PROBLEM TO WORK ON ▸ Using the records below, repeat exactly the lines from the one holding "Наркошоп купить Cocaine" through the one holding "vashudev_parjapat_solanki profile picture", both ends included, and no others.

INPUT FOR THIS TASK ▸
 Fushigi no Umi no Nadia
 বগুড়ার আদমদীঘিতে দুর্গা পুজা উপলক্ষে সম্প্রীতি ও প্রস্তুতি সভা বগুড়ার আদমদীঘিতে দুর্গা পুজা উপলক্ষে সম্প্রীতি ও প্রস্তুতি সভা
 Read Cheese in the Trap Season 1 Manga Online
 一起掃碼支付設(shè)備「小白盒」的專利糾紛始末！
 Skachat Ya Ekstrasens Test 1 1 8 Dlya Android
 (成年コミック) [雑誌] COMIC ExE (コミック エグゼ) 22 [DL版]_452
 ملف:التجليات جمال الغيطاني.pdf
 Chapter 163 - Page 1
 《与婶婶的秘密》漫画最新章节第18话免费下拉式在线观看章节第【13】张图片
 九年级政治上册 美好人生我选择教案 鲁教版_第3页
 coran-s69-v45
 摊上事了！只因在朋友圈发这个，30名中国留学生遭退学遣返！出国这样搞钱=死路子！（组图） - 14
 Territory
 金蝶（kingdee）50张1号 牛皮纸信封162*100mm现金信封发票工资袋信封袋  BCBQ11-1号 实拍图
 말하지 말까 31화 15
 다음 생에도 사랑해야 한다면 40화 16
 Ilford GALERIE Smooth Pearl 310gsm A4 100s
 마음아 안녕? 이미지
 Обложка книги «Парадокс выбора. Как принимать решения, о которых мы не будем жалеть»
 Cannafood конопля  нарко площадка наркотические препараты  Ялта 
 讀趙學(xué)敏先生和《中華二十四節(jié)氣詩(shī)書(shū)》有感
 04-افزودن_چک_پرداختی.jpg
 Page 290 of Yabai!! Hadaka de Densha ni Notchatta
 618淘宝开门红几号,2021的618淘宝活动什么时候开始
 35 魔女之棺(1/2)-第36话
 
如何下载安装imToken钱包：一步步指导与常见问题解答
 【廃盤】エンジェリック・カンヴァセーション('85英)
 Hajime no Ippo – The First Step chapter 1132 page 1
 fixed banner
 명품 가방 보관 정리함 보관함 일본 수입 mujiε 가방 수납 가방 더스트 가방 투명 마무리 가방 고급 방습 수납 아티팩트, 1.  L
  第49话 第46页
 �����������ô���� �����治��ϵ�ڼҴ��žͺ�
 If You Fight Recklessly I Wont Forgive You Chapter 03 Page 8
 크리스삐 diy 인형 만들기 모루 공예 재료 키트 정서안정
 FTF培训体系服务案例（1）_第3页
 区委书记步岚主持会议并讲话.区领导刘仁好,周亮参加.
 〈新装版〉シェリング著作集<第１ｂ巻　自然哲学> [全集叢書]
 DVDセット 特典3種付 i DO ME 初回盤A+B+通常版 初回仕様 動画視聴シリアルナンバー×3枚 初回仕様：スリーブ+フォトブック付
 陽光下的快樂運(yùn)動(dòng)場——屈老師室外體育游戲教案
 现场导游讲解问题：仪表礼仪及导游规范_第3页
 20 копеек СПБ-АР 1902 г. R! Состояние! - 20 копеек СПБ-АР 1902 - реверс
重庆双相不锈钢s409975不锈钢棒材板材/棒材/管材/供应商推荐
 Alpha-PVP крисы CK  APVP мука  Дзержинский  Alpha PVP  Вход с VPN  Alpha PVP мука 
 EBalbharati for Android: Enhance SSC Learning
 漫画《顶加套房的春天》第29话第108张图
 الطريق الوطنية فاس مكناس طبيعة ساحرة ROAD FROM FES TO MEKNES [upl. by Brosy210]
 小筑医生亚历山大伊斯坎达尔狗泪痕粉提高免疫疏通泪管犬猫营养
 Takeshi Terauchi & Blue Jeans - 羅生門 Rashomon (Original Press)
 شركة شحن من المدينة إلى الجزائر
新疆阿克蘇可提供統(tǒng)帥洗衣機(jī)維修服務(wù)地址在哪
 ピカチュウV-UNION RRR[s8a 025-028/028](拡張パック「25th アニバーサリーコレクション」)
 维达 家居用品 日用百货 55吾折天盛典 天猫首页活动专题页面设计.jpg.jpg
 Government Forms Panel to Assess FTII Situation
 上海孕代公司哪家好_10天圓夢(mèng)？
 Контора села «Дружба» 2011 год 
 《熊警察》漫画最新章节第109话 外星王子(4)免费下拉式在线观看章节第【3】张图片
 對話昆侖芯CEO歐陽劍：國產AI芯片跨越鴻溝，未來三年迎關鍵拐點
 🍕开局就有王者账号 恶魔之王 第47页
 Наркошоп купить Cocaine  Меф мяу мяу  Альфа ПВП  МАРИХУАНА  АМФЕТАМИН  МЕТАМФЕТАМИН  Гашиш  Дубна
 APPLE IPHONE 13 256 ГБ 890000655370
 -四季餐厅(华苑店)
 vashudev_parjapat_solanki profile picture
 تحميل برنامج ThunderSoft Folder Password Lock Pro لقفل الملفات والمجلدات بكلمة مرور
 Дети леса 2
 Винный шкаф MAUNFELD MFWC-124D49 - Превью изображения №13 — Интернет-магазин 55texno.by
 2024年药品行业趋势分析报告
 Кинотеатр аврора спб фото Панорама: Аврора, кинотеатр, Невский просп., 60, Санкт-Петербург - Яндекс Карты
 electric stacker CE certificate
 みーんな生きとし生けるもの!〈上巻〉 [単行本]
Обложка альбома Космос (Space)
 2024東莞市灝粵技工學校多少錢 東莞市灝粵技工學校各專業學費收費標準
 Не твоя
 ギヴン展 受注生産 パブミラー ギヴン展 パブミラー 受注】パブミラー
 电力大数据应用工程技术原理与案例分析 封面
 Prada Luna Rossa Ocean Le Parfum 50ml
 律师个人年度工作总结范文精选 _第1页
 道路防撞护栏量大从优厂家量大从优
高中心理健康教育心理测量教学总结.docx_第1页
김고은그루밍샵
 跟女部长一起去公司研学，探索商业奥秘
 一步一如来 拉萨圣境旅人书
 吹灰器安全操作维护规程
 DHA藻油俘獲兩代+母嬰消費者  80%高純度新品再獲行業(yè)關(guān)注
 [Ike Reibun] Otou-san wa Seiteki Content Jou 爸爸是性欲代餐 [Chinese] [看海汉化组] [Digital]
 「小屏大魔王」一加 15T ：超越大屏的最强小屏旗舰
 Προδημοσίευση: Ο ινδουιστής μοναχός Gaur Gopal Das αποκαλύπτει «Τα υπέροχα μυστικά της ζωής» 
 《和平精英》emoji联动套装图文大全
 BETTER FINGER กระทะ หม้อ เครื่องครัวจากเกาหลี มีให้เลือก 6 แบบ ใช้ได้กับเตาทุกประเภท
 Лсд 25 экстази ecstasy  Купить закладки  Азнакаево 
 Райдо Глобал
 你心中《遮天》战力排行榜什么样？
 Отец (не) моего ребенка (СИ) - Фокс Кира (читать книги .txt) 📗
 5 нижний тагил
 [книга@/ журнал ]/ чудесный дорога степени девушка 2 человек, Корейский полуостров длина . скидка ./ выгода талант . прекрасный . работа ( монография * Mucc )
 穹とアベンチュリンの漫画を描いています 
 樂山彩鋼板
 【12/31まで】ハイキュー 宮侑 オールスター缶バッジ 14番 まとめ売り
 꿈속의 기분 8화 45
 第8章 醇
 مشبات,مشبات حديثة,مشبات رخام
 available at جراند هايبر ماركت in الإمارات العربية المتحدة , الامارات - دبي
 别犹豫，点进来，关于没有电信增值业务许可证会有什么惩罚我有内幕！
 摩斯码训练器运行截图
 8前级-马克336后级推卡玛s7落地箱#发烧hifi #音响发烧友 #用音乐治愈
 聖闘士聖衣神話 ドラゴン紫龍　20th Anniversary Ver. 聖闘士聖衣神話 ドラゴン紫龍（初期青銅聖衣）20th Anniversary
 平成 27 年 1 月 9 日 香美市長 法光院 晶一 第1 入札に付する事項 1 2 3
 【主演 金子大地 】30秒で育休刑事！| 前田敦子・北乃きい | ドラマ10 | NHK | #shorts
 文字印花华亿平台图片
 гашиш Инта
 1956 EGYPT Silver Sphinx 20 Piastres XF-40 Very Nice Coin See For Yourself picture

REPLY TO THE EXERCISE ▸
 Наркошоп купить Cocaine  Меф мяу мяу  Альфа ПВП  МАРИХУАНА  АМФЕТАМИН  МЕТАМФЕТАМИН  Гашиш  Дубна
 APPLE IPHONE 13 256 ГБ 890000655370
 -四季餐厅(华苑店)
 vashudev_parjapat_solanki profile picture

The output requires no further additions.